Work required -
The answer is a number and nothing else: the count of lines in these entries containing the word "vidaXL".

Records for the task -
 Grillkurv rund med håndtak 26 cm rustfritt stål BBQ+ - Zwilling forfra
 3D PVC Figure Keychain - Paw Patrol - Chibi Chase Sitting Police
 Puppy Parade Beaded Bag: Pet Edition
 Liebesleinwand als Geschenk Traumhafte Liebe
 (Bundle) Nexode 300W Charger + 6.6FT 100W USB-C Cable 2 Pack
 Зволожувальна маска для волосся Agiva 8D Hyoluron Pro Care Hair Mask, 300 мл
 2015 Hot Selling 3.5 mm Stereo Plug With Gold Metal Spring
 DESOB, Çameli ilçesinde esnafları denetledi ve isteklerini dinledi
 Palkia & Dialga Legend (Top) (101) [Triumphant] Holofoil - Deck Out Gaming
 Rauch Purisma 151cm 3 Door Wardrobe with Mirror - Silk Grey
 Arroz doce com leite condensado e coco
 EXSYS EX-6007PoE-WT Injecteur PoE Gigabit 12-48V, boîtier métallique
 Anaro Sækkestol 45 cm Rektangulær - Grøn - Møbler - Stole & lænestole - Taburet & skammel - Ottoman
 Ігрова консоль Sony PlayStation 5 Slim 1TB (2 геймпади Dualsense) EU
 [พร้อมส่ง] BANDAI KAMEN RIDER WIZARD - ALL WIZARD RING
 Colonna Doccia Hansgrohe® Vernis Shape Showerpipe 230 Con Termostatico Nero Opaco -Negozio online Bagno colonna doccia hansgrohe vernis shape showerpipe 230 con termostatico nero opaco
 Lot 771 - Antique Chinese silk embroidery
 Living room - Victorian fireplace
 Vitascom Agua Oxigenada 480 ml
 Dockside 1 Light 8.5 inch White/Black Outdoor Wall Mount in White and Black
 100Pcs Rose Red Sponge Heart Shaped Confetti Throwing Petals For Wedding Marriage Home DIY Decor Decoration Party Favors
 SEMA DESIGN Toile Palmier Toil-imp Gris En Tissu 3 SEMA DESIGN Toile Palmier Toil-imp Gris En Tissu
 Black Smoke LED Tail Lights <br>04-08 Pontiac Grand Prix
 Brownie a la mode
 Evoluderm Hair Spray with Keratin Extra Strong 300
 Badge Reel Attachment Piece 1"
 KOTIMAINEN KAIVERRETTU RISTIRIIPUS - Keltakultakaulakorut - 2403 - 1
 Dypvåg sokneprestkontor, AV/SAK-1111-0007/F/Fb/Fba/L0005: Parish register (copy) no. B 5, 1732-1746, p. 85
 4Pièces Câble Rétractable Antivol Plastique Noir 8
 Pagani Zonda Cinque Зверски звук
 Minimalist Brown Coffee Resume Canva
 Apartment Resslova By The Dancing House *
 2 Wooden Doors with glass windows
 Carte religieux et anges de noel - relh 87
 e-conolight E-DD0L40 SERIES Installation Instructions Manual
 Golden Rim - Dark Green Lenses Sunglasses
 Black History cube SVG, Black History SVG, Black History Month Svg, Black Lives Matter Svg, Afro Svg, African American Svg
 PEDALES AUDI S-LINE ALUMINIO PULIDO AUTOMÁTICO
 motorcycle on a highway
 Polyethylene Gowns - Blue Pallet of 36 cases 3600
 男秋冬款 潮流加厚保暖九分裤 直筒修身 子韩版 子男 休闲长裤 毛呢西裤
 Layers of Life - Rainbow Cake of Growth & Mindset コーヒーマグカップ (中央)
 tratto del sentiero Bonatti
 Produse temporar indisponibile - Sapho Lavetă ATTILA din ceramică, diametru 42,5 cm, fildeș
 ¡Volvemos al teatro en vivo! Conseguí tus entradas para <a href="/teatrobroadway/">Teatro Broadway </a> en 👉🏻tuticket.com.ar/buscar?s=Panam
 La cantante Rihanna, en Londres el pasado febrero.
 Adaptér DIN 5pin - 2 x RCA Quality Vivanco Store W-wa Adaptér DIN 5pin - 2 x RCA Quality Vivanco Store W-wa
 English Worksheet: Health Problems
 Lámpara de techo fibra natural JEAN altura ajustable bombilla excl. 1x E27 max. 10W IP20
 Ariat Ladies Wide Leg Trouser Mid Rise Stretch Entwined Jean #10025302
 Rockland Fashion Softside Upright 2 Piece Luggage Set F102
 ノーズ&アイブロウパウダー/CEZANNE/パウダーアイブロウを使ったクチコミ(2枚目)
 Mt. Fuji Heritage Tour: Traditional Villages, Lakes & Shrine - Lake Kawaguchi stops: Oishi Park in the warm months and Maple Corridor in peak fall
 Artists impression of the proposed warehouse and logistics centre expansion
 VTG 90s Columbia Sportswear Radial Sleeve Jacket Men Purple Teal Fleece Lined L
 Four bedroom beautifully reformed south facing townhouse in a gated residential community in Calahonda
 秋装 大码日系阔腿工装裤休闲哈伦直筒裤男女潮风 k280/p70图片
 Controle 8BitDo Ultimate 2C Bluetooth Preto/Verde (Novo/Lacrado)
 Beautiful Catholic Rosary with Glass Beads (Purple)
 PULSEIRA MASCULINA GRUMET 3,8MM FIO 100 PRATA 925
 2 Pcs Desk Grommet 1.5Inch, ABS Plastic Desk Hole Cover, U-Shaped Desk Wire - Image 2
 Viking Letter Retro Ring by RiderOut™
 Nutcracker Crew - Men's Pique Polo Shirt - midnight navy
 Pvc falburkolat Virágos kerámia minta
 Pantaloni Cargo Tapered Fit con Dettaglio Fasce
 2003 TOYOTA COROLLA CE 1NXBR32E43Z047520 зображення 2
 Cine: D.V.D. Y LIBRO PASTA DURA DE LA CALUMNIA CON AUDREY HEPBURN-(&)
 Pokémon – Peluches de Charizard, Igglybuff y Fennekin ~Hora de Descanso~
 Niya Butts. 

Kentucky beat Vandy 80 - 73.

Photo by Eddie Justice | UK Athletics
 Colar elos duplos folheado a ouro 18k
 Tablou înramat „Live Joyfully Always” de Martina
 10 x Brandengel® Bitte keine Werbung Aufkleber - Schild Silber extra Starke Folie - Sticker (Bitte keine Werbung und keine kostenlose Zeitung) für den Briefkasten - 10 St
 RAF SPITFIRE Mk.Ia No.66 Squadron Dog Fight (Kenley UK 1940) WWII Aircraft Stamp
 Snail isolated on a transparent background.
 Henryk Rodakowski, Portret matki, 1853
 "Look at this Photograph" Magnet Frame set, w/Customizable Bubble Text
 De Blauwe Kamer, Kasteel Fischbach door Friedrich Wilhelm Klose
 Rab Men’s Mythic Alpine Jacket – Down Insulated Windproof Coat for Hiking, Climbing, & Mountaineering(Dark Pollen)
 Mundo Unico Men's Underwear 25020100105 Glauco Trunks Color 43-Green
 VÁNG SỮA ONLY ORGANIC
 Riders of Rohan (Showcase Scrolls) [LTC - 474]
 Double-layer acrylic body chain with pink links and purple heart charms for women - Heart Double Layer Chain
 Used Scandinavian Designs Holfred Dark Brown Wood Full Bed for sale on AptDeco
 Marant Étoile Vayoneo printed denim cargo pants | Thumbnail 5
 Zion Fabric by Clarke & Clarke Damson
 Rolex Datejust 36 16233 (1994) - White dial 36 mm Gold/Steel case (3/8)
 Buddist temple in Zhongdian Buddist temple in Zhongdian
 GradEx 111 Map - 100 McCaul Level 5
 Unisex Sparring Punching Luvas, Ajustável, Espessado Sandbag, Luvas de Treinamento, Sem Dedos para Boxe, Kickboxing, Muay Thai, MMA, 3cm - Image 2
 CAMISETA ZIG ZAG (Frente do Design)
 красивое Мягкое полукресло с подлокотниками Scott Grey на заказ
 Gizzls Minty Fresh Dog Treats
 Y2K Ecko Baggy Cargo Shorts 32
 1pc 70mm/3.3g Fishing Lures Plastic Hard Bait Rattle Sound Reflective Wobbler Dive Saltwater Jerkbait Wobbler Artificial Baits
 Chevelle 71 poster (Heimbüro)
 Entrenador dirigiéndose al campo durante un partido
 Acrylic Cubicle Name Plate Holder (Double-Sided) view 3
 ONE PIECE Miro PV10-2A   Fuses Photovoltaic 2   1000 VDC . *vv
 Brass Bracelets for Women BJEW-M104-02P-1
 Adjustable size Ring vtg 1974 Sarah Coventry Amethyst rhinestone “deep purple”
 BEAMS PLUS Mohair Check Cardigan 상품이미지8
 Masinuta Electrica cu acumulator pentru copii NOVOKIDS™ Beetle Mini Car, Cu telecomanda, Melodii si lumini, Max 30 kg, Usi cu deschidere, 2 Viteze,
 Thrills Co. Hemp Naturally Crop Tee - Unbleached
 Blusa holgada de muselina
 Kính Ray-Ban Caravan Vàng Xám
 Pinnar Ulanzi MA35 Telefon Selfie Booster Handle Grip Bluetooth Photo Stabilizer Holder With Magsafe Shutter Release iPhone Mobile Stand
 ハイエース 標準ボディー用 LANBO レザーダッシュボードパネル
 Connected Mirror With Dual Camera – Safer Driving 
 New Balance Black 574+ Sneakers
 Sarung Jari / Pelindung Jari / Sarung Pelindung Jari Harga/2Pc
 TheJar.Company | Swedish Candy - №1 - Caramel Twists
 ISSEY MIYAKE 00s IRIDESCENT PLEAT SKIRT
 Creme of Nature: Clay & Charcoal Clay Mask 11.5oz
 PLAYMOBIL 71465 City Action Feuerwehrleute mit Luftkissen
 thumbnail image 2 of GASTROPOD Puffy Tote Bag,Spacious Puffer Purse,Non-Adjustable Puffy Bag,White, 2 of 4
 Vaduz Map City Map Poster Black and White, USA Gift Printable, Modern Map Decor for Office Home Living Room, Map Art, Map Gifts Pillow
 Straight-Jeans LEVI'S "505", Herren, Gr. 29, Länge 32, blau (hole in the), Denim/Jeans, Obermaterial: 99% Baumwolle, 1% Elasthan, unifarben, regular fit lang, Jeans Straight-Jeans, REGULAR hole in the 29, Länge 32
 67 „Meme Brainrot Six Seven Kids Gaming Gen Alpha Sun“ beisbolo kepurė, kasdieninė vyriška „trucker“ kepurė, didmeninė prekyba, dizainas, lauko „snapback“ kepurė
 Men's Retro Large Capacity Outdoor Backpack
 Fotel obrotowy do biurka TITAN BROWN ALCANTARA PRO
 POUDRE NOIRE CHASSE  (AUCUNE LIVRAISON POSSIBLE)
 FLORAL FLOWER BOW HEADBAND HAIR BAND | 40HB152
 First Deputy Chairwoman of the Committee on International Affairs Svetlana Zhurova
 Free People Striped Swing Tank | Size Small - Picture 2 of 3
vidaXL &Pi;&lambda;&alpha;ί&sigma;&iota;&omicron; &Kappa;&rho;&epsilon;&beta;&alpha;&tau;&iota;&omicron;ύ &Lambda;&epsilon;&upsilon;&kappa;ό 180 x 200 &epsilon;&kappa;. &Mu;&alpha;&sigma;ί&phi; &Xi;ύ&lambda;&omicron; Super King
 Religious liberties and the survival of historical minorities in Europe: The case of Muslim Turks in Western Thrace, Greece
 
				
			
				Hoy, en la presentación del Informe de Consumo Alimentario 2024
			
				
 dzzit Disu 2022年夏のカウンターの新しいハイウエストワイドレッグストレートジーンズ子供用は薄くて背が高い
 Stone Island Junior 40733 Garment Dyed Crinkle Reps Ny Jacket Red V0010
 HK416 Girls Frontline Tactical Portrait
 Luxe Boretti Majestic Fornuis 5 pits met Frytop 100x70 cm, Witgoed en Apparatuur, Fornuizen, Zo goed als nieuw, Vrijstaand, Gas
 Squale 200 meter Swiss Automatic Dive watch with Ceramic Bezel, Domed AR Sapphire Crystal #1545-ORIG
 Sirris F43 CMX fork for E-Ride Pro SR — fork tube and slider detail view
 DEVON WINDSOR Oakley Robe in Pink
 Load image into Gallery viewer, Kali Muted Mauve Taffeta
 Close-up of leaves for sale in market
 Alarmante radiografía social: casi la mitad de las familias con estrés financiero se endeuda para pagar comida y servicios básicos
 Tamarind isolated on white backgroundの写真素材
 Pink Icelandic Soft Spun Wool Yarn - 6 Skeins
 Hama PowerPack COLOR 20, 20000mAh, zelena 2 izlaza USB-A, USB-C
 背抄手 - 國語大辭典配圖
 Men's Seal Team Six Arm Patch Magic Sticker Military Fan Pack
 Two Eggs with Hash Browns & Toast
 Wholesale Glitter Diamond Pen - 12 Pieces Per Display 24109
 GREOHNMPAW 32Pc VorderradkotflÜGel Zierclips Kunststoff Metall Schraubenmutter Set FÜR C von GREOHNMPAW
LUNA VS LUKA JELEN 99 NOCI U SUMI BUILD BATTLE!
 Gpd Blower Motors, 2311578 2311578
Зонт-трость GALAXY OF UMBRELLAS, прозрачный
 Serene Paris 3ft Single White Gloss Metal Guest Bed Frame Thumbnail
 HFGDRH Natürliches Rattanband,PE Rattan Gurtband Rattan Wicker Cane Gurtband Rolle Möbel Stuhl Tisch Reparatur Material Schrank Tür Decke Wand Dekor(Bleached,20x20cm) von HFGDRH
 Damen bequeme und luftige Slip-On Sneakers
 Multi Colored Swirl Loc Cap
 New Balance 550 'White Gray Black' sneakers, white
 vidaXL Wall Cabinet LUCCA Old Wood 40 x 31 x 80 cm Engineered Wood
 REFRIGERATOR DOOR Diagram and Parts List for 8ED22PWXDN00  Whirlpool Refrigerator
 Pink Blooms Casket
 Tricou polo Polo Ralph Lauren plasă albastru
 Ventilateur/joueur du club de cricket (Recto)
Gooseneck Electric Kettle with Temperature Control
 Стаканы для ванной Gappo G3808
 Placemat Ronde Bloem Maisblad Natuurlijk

Reply -
2